As the cost of health care continues to increase, we’ve seen a surge of interest in alternatives to traditional small group health insurance plans, like level-funded health insurance or HRAs, which can offer cost savings and flexibility for businesses that qualify.

The problem? We’ve found that many small business owners still don’t know that these options exist, how they work or what cost savings they might bring.

Exploring health plan alternatives: HRA and level-funded plans

In today’s complex and costly health insurance market, traditional group plans don’t always meet the needs of small businesses. Between participation requirements, rising premiums, and administrative overhead, it’s no surprise many employers are looking for new solutions.
Two of the most promising, but still underutilized, alternatives are:

Level-funded health insurance plans:

  • What it is: An employer-sponsored health insurance option that blends the predictability of fully insured plans with the cost savings potential of self-insured plans.
  • Why it works: Monthly premiums are fixed, but if claims are lower than expected, employers may get money back.
  • Best for: Healthy employee populations and businesses with over 10 employees looking for lower premiums than fully insured options.

Heath reimbursements arrangements (HRAs):

  • What it is: A tax-advantaged way for employers to reimburse employees for individual health insurance plans or qualified medical expenses. Employers typically offer this benefit through an Individual Coverage Health Reimbursement Arrangement (ICHRA) or Qualified Small Employer Health Reimbursement Arrangement (QSEHRA)
  • Why it works: Employers control the budget, employees get more choice and portability.
  • Best for: Employers who aren’t ready to offer a small group plan, remote or multi-state teams, businesses that don’t meet group plan participation thresholds, or those needing more cost control.
Related: Hospitals face staffing crunch as workforce declines, patient needs soar

These aren’t fringe solutions.
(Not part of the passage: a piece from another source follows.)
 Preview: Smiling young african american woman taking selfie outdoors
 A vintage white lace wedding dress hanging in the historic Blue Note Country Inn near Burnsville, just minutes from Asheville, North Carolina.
They’re quickly becoming go-to strategies for forward-looking small employers, but only if they know they exist and how to make the switch.

Why awareness is so low

Our research shows that 1 in 5 small business owners who work with accountants and business advisors don’t recognize the term ICHRA. It suggests a deeper issue: a lack of accessible, actionable education for employers trying to navigate their benefits options on their own.

Most business owners aren’t benefits experts—and they shouldn’t have to be. But when even the advisors they rely on don’t bring up these alternatives, opportunities get missed.

What brokers and advisors can do

Brokers, accountants, and benefits advisors are the trusted guides for small businesses navigating these decisions. You don’t need to recommend one model over another, but making sure clients know what’s out there is a critical first step.

Here’s how you can help:

  • Bring level-funded and HRA plans into your standard benefits conversation.
  • Explain in plain language what the trade-offs are vs. traditional group coverage.
  • Identify customers where these alternatives might make the most sense (e.g., small distributed teams, businesses frustrated with rising premiums, or early-stage companies looking for budget control).

The bottom line: Small businesses deserve more choice

The future of small business health benefits is choice. But right now, too many employers don’t know they have any.

Whether it’s a level-funded plan, HRA or another creative model, the best solution is the one that fits their people, budget, and business model. But they can’t choose what they’ve never heard of, and that’s where brokers and advisors can make the biggest difference.